Veel politieke songs heeft ABBA niet geschreven; liever bleven de Zweden neutraal. Maar op hun beste plaat The Visitors maakte het kwartet een uitzondering. Het jaar was 1981 en de sfeer was ijzig. De huwelijken binnen de band waren op de klippen gelopen, een onderwerp dat in diverse songs (When All Is Said And Done, One Of Us) op de elpee terugkwam, maar de titelsong en openingstrack gaat over dissidenten in de Sovjetunie.
The Visitors is een atypische ABBA-song: het intro met de langzaam opkomende pulserende synths, de vreemde opbouw met die duistere coupletten, het sublieme instrumentale refrein dat net iets te opgewekt is voor een song over zo’n serieus onderwerp, en dan die door Frida gezongen openingsregels, waarmee meteen de toon voor de rest van de elpee is gezet:
I hear the doorbell ring and suddenly the panic takes me,
The sound so ominously tearing through the silence
Met die twee zinnen ben je meteen terug in de tijd van de koude oorlog; al heeft Björn Ulvaeus het onderwerp van The Visitors jarenlang diffuus gehouden. Niet omdat hij bang was voor de politieke gevolgen, maar omdat hij de Zweedse popmuziek van de jaren zeventig en vroege jaren tachtig al beladen genoeg vond. Pas in de jaren negentig lichtte hij toe wie de bezoekers waren.

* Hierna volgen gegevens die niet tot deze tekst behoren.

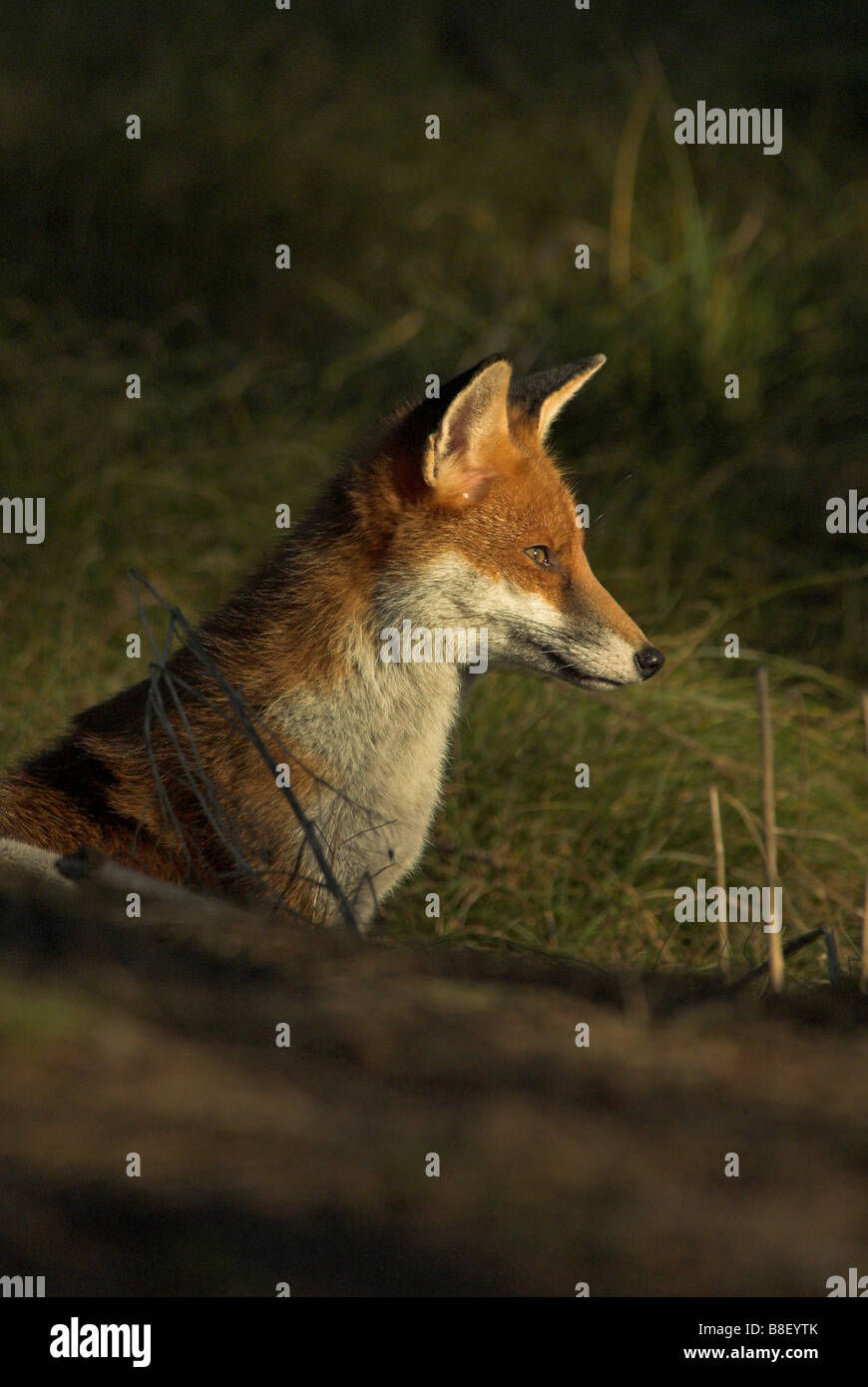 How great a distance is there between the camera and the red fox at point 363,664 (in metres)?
4.72

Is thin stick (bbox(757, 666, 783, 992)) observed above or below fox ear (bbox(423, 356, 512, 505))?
below

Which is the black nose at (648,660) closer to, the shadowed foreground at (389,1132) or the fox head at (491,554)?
the fox head at (491,554)

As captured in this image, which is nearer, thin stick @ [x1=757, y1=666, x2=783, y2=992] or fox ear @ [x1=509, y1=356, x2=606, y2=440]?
thin stick @ [x1=757, y1=666, x2=783, y2=992]

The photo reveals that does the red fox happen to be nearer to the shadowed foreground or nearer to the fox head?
the fox head

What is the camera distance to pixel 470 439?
5145mm

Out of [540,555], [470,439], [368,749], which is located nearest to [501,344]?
[470,439]

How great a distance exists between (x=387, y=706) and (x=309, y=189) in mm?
7492

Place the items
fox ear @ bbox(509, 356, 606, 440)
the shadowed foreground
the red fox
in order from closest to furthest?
the shadowed foreground
the red fox
fox ear @ bbox(509, 356, 606, 440)

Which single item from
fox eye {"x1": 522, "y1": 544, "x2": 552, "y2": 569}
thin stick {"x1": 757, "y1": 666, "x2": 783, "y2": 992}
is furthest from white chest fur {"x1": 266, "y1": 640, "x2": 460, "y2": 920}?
thin stick {"x1": 757, "y1": 666, "x2": 783, "y2": 992}

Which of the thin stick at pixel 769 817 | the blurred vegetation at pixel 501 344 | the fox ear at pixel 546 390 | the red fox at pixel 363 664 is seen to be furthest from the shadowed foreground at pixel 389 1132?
the fox ear at pixel 546 390

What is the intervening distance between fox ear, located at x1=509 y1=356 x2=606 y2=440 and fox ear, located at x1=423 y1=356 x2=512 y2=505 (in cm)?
34

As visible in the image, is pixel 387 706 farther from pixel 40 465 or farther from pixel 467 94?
pixel 467 94

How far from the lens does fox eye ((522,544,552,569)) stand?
5.15m

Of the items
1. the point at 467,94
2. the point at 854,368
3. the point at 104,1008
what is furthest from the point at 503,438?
the point at 467,94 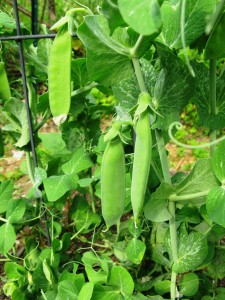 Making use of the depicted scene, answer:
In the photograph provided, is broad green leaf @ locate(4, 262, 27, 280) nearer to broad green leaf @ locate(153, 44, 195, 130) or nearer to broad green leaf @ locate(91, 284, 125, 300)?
broad green leaf @ locate(91, 284, 125, 300)

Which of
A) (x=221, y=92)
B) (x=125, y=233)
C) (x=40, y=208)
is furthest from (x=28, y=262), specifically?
(x=221, y=92)

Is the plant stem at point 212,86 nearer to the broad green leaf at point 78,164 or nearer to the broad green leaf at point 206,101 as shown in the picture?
the broad green leaf at point 206,101

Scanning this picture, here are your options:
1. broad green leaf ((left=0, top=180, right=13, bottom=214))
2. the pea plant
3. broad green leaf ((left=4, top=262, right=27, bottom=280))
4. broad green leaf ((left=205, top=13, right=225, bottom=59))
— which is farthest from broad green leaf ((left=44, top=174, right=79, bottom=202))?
broad green leaf ((left=205, top=13, right=225, bottom=59))

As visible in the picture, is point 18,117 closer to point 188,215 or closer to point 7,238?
point 7,238

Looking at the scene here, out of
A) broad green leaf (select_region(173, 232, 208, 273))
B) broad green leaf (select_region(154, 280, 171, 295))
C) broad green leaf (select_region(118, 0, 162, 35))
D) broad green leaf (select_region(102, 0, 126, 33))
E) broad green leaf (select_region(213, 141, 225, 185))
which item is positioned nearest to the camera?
broad green leaf (select_region(118, 0, 162, 35))

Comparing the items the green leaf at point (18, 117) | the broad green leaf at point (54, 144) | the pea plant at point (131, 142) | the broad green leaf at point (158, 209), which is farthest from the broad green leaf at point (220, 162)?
the broad green leaf at point (54, 144)

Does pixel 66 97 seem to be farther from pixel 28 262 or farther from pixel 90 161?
pixel 28 262

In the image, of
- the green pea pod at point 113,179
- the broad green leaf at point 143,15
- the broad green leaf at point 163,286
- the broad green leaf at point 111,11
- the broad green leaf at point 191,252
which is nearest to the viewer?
the broad green leaf at point 143,15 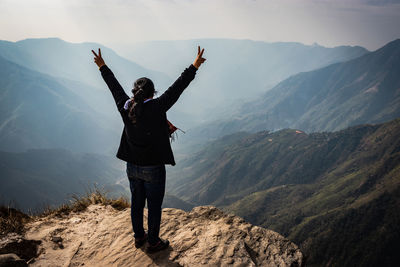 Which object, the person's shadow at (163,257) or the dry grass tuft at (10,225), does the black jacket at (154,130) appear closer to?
the person's shadow at (163,257)

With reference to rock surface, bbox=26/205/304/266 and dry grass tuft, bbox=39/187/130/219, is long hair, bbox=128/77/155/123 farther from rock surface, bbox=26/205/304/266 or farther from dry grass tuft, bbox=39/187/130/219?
dry grass tuft, bbox=39/187/130/219

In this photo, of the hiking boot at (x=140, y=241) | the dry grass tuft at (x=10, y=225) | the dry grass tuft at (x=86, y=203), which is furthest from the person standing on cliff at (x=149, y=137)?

De goede verstaander had echter aan een paar regels uit het tweede couplet genoeg wie de hoofdpersoon is: een dissident die verstijfd van angst beseft dat de geheime politie voor de deur staat.
None of my friends would be so stupidly impatient
And they don’t dare to come here anymore
But how I loved our secret meetings
We talked and talked in quiet voices, smiling
Veertig jaar lang zou The Visitors ABBA’s laatste album blijven; er volgden enkel nog wat losse singles (The Day Before You Came, Under Attack). De groep belandde op een zijspoor omdat Ulvaeus en Benny Andersson iets meer ‘substantieels’ wilden schrijven dan popmuziek, met onder meer de succesvolle musical Chess als resultaat.
Wat de twee songschrijvers zich niet realiseerden was dat ze met The Visitors al iets substantieels hadden gemaakt. Een song die met z’n New Wave-geluid perfect in de jaren tachtig paste, maar met een tekst die veertig jaar later nog steeds actueel is. Het is niet moeilijk een lijn te trekken van de ijspriem van Lev Trotski en de paraplu van Georgi Markov naar de polonium van Aleksandr Litvinenko en de novitsjok van Aleksej Navalny.